As dúvidas sobre a isenção, ou pelo menos a “perceção” de falta dela que poderá haver na opinião pública, começaram por ser levantadas pelo social-democrata Fernando Negrão, depois de na segunda-feira o Expresso ter noticiado que o partido votará contra este nome (é uma indicação, uma vez que o voto é secreto e nominal). Mas foram depois mais concretizadas por André Ventura, que lembrou os tempos em que Canas foi porta-voz do Governo de José Sócrates. “Não tenho nenhuma relação com o processo da Operação Marquês, nem como advogado, nem como testemunho, nem como inquirido”, contrapôs Canas, recordando que o seu nome “nem sequer numa escuta apareceu” e que portanto está “completamente tranquilo em relação a isso”.
Ainda sobre as dúvidas, também enunciadas pelo PAN, a propósito das portas giratórias entre o mundo da política, dos negócios e, neste caso, do TC, o candidato lembrou que não seria “o primeiro, o segundo ou o sétimo caso” e garantiu que o seu “chip mudou” desde que deixou a bancada do PS para fazer a sua tese de doutoramento: “Não serei certamente porta voz de ninguém e de nenhum partido político”.
Do currículo académico e jurídico tanto de Vitalino Canas como de António Clemente Lima, nenhum partido pareceu ter dúvidas - embora vários tivessem reservado críticas ao facto de as nomeações serem de dois homens, o que põe em causa a paridade no TC. Surgiram ainda alguns elogios, sobretudo da parte do PS mas também do PCP, ao papel de Canas na elaboração da legislação sobre a posse de droga em Portugal.
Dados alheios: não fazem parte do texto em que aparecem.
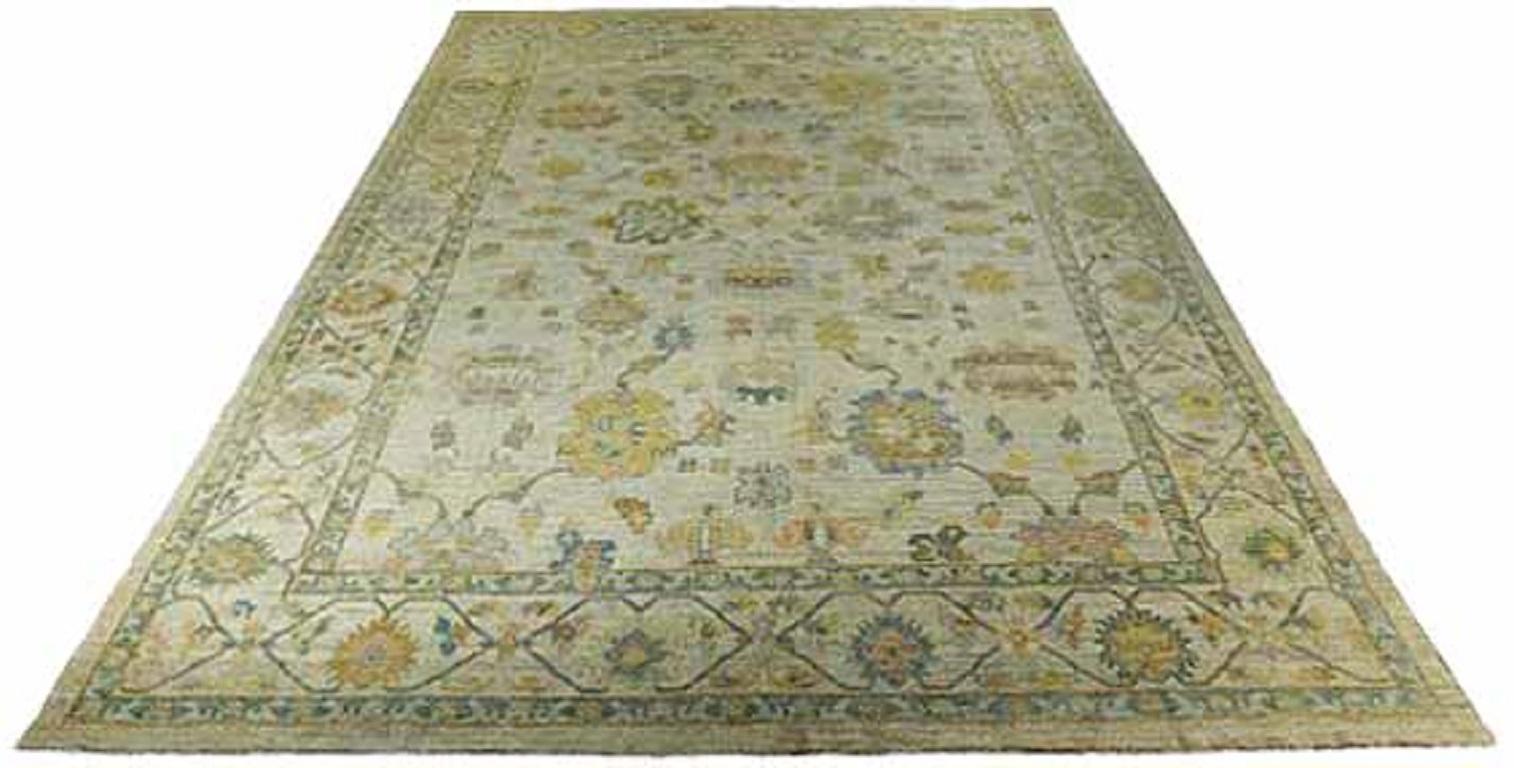 Entdecken Sie die Eleganz der Persian Rose Collection mit dem Over Size Rug von CIRCA 1990. Dieses exklusive Design aus Wolle und GreenIvory ist perfekt, um Ihren Raum zu verschönern.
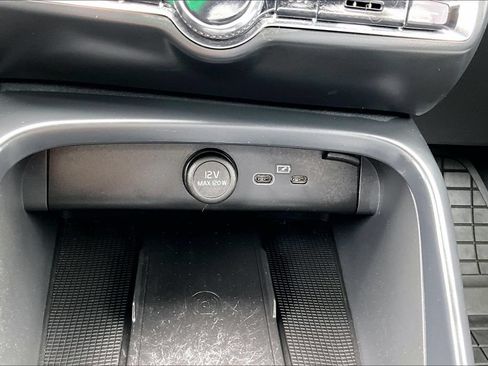 Certified 2024 Volvo XC40 B5 Core AWD/4WD image 34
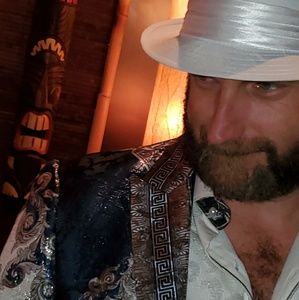 Meet your Posher, Tank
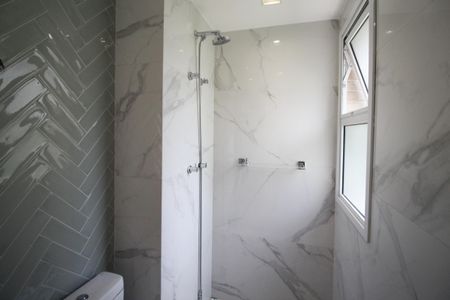 Apartamento para alugar com 182m², 4 quartos e 4 vagasBanheiro da Suíte 2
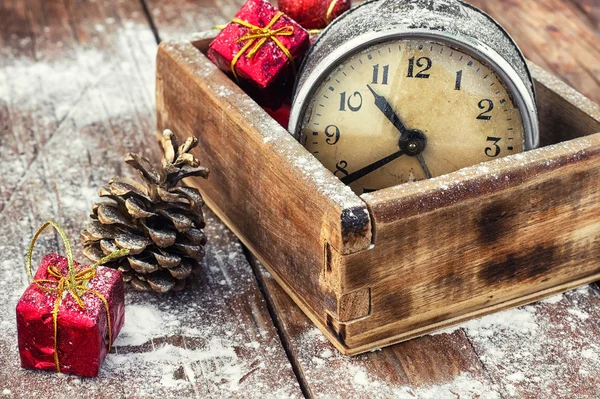 Retro arrangement for Christmas with an old alarm clock — Stock Photo, Image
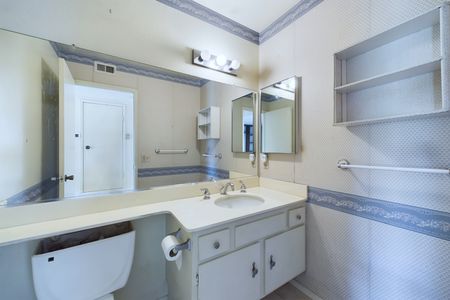 5531 Citrus Ct Cypress CA &#8211; 020 &#8211; Downstairs Bathroom 1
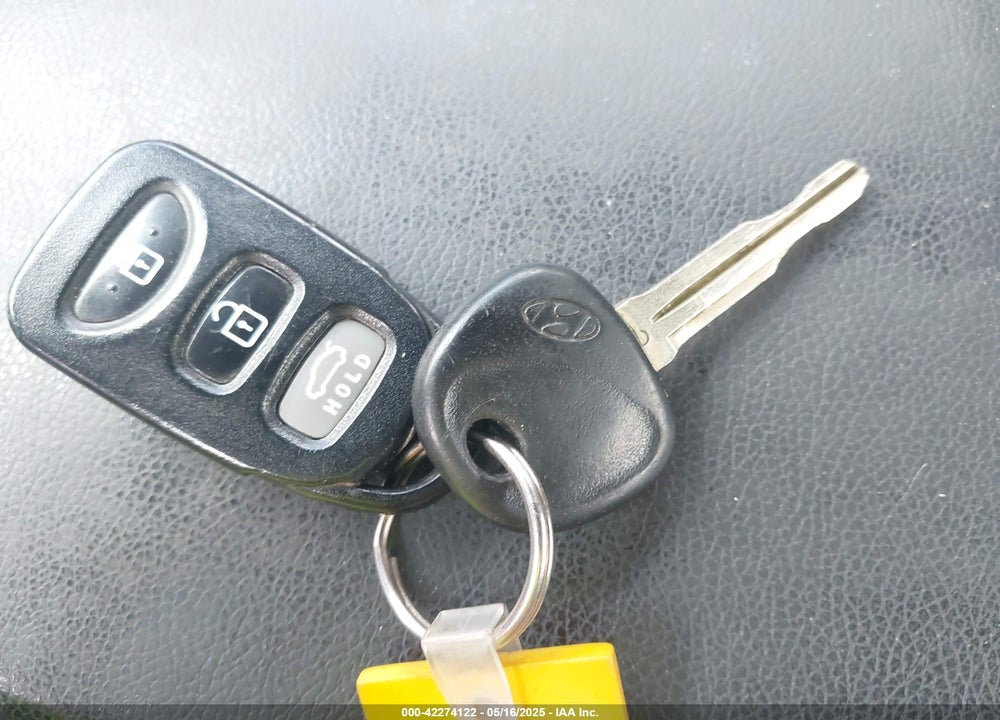 2013 HYUNDAI ELANTRA VIN: KMHDH4AE0DU929577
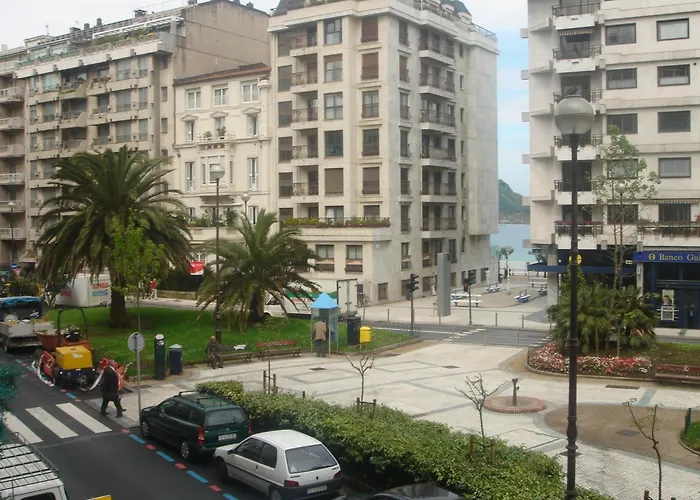 Zaragoza Plaza Otel *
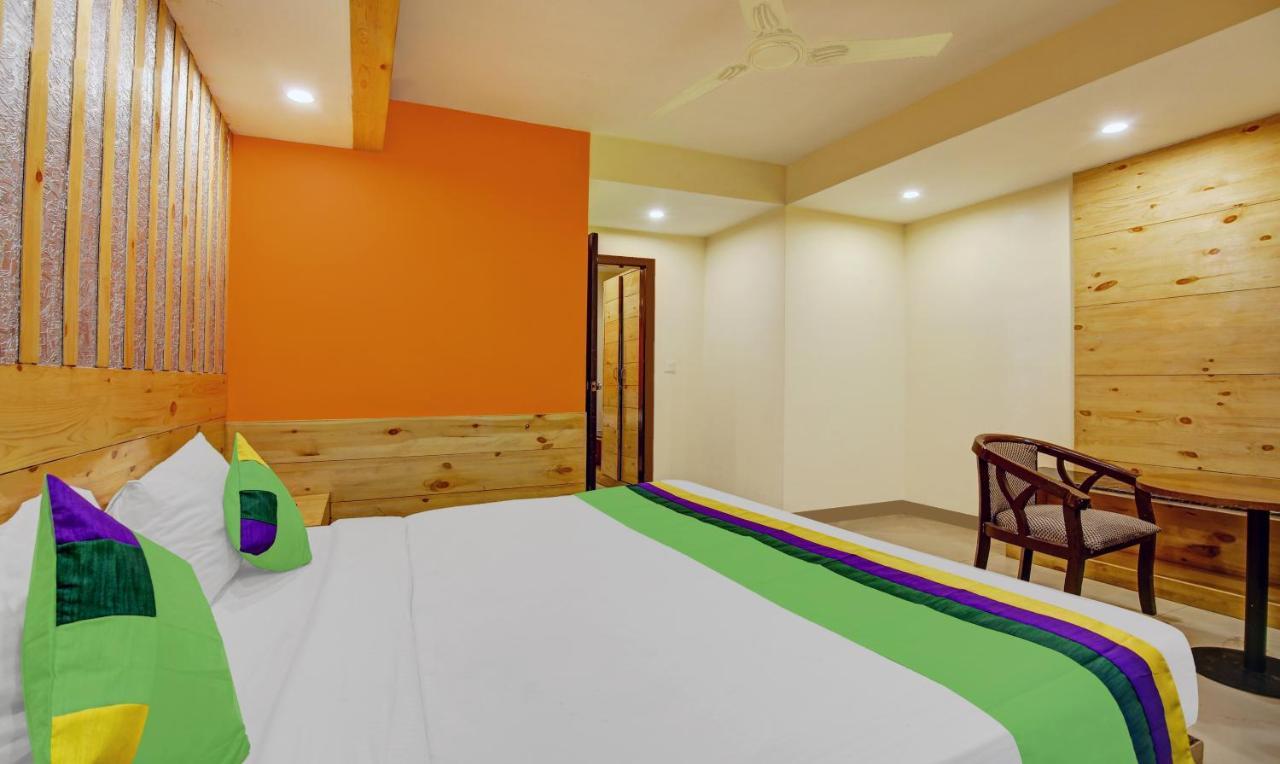 Itsy By Treebo - Howard International Mall Road Mussoorie Exterior photo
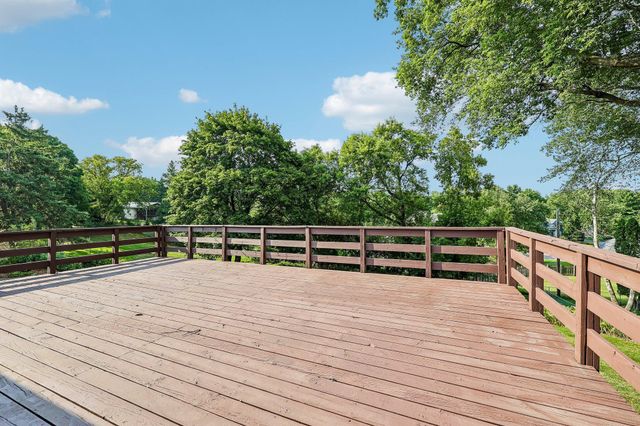 19112 Townline Road, Minnetonka, MN 55345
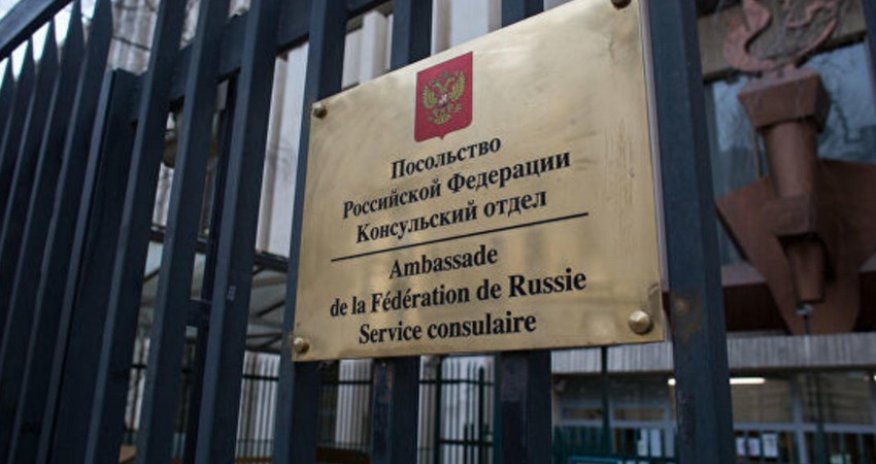 Посольство РФ потребовало от властей Франции обеспечить защиту прав Дурова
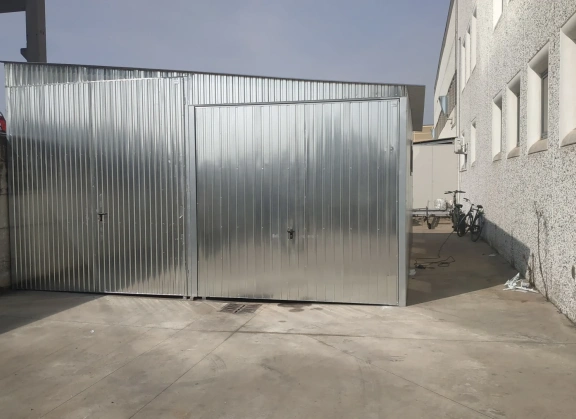 Horganyzott lemezből készített garázsok 46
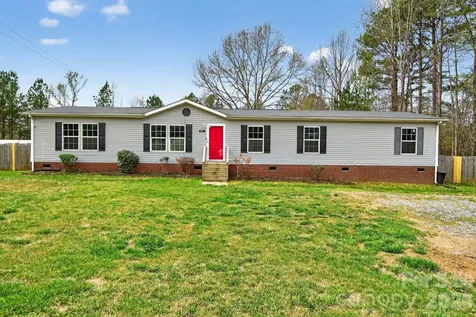 922 Lavender Road Grover NC 28073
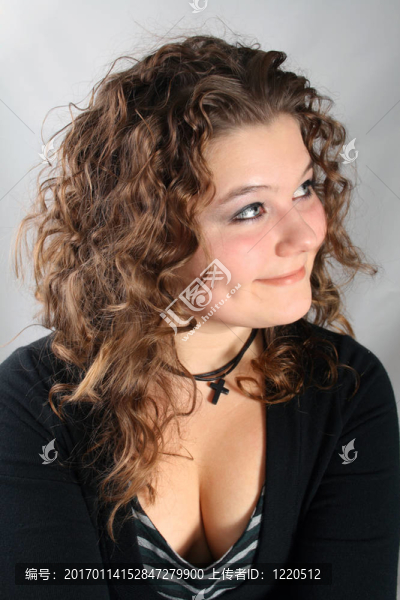 美麗的女人，有著卷曲的頭發(fā)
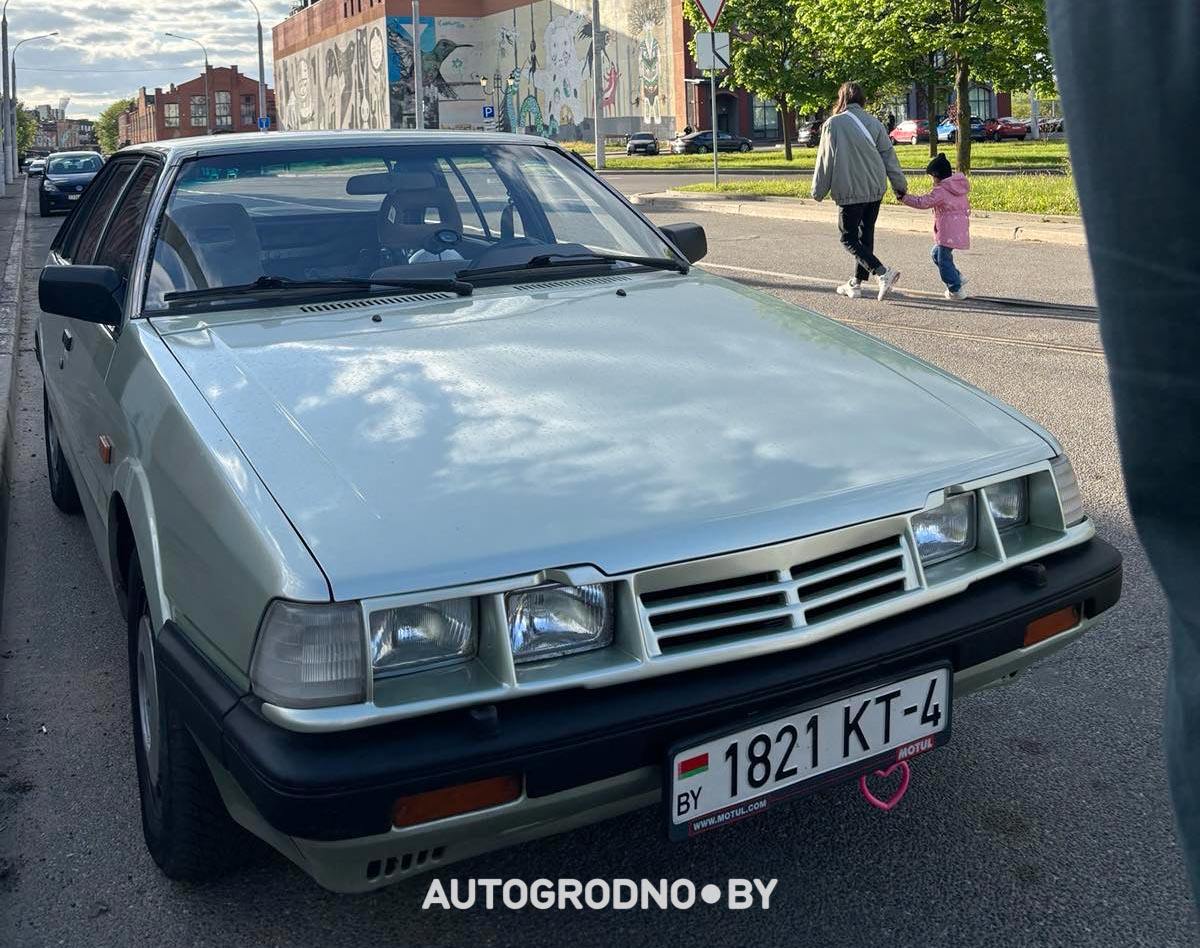 Mazda 626 GC 1985 года выпуска (13)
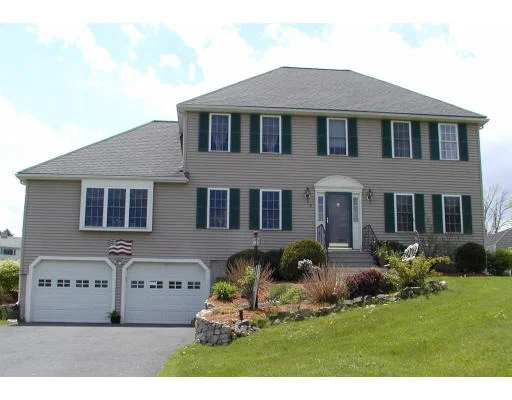 Unit for sale at 8 Dom Lea Cir, Franklin, MA 02038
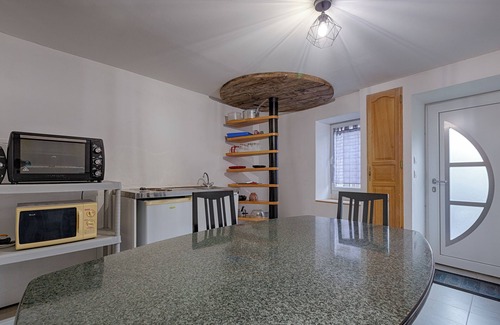 Flaviac Apartment | Apartment 'Appart Flaviac' with Mountain View, Shared Terrace and Wi-Fi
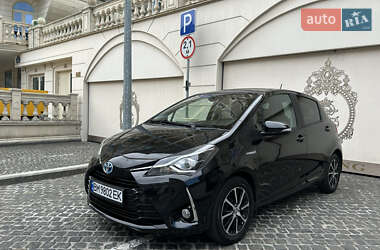 Хэтчбек Toyota Yaris 2018 в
Mas esses elogios não deverão ser suficientes para a proposta passar na sexta-feira. O Bloco de Esquerda anunciou desde logo que chumbaria os nomes apresentados pelo PS, que, ao contrário do que aconteceu na legislatura passada, não foram negociados com os bloquistas. O PSD fez o mesmo na segunda-feira em relação ao nome de Vitalino (embora esta quarta-feira o presidente da Comissão, o social-democrata Luís Marques Guedes, tenha expressado votos de que ambos sejam eleitos, até porque a votação é nominal). O PCP ainda não esclareceu como votará e o CDS não dará indicação contra ou a favor aos seus deputados, mas o Iniciativa Liberal também já veio anunciar que chumbará Canas. Isto inviabilizará a escolha, que precisa de dois terços dos deputados para passar.